It's combat effective and fills the classic archetypes of the beefy fighter and lithe sneaky-guy doing the classic double-team.
Either that or a halfling focused on mounted combat riding a half-orc barbarian. I'm not sure how the rules would work for that. (Does the half-orc go at the halfling's initiative? What if the halfling has the trample feat? etc) But the idea of it amuses me to no end.
| ZanThrax |
Beyond the obvious benefits of building duos / entire parties with Teamwork feats, having a pair of characters built around Swift Aid & Bodyguard, and Aid Another in general can be highly effective. Currently I'm favouring a Exemplar Brawler / Dragon Daring Champion Cavalier into Battle Herald paired up with a Spell Warrior Skald.

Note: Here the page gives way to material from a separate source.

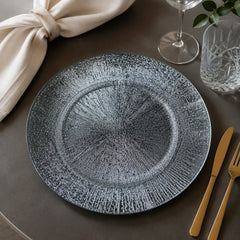 Plato base decorativo de melamina plateado 33 cm con diseño destello radial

Both using Benevolent weapons and armour. The Skald will use gloves of Arcane Striking and take the helpful (or be a halfling to instead take helpful halfling) trait. The Battle Herald instead takes the battlefield disciple trait - it's not as big a boost, but it stacks with the Dragon Cavalier bonus.

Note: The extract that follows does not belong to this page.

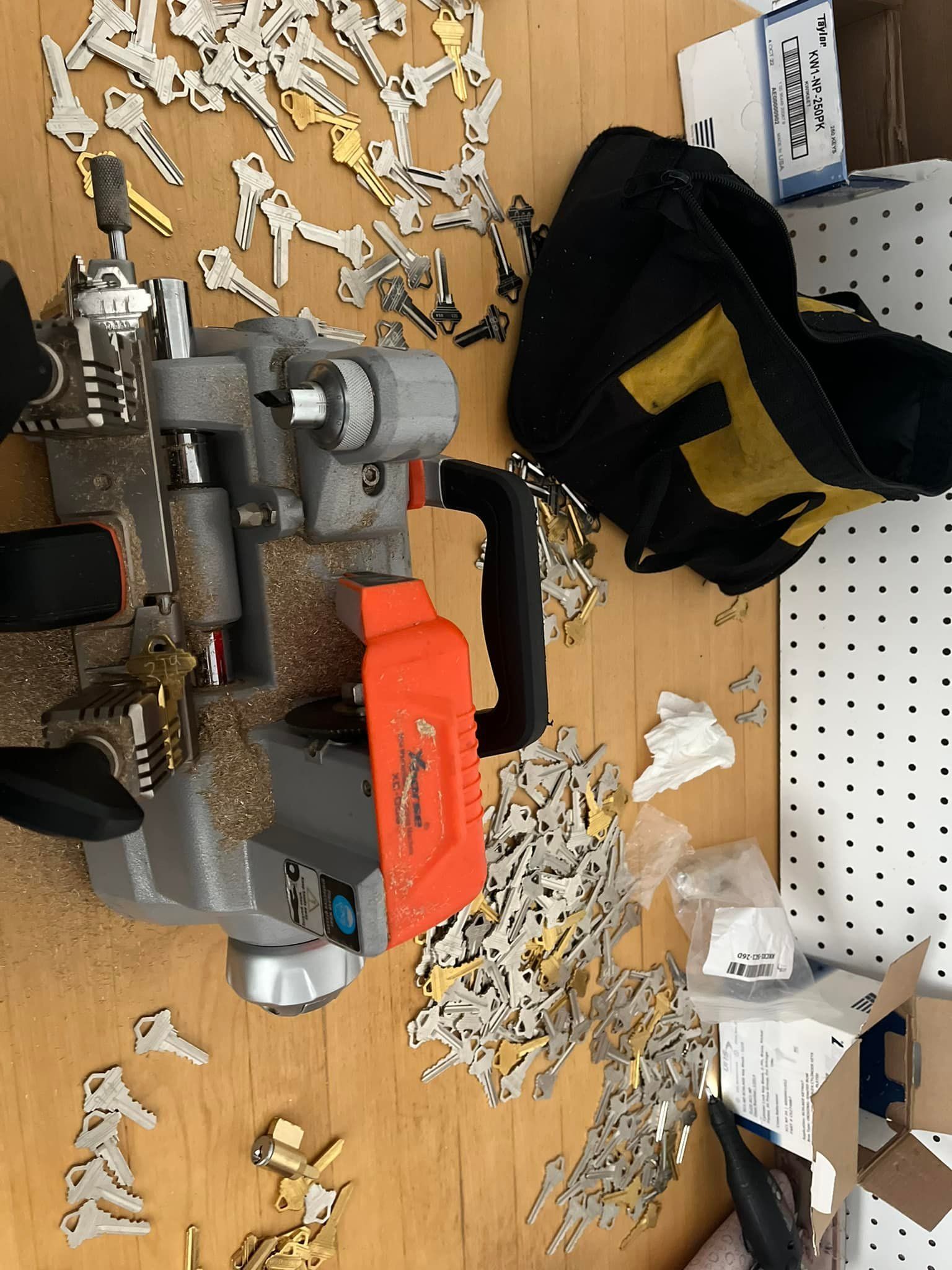 Key cutting machine with a pile of keys, a black bag, and scattered key blanks on a wooden surface.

Between the two of them, they'll almost never be hit, and very rarely miss an attack.
| Scott Wilhelm |
How about a campaign with a party of evil characters with a Lawful Good Paladin they us as a face? They let the paladin do all the talking, but while that happens, the Rogue is casing establishments to rob, but has to get back to meet the wizard at dusk to rob a fresh grave: he gets the burial jewelry, and the wizard needs a virgin's heart. After the Paladin leaves, the fighter lingers to negotiate with the prince a series of "special fees."
| Tarantula |
Just having parties of all small characters can be a riot. I once ran a game where the players without collusion were three halflings, a gnome, and a human. The human took reduce person so he could fit in. They were once defeated by a door, it was pretty epic.
That word. I do not think it means what you think it means.
| Scott Wilhelm |
Freya Arceana wrote:a Lawful good Paladin would not play with a party full of evil people.We can make it happen...
Step 1) Anti Detect evil items
Step 2) High Bluff scores
Step 3) Have Paladin dump Wisdom
Step 4) Win at everything forever
Ah Freya, but "would not" and "will not" are not quite the same thing.
GM_Solspiral's idea of everybody fooling the Paladin might work, but maybe it could happen with just role playing.
Maybe the Paladin sees himself as ministering to his evil comrades. Maybe he likes them even if they are evil, and his trying to save their souls by getting them to save the world.
Or maybe circumstances (like saving the world) force the paladin to accept help wherever he can find it, like how Buffy the Vampire Slayer keeps getting help from Spike: even if they hate each other, neither one of them wants the world to end.
Admiral Adama took in one of the #5 Cylons and she becomes Athena.
Maybe the paladin is sort of a social worker handling the party as a case, simultaneously counselling them, policing them, and ministering to them. And the other party member are (or act like they are) truly repentant every time they are caught, and the paladin forgives them every time because forgiving people is what good people do.
Meanwhile, betraying people is what evil people do. In a party of evil people, the 1 lawful good player is the one person everyone trusts, and so everyone needs him. What does Lex Luthor do when he needs help? He goes to Superman!
Don't let other people's interpretation of how things usually happen stifle your imagination and keep you from making a good story.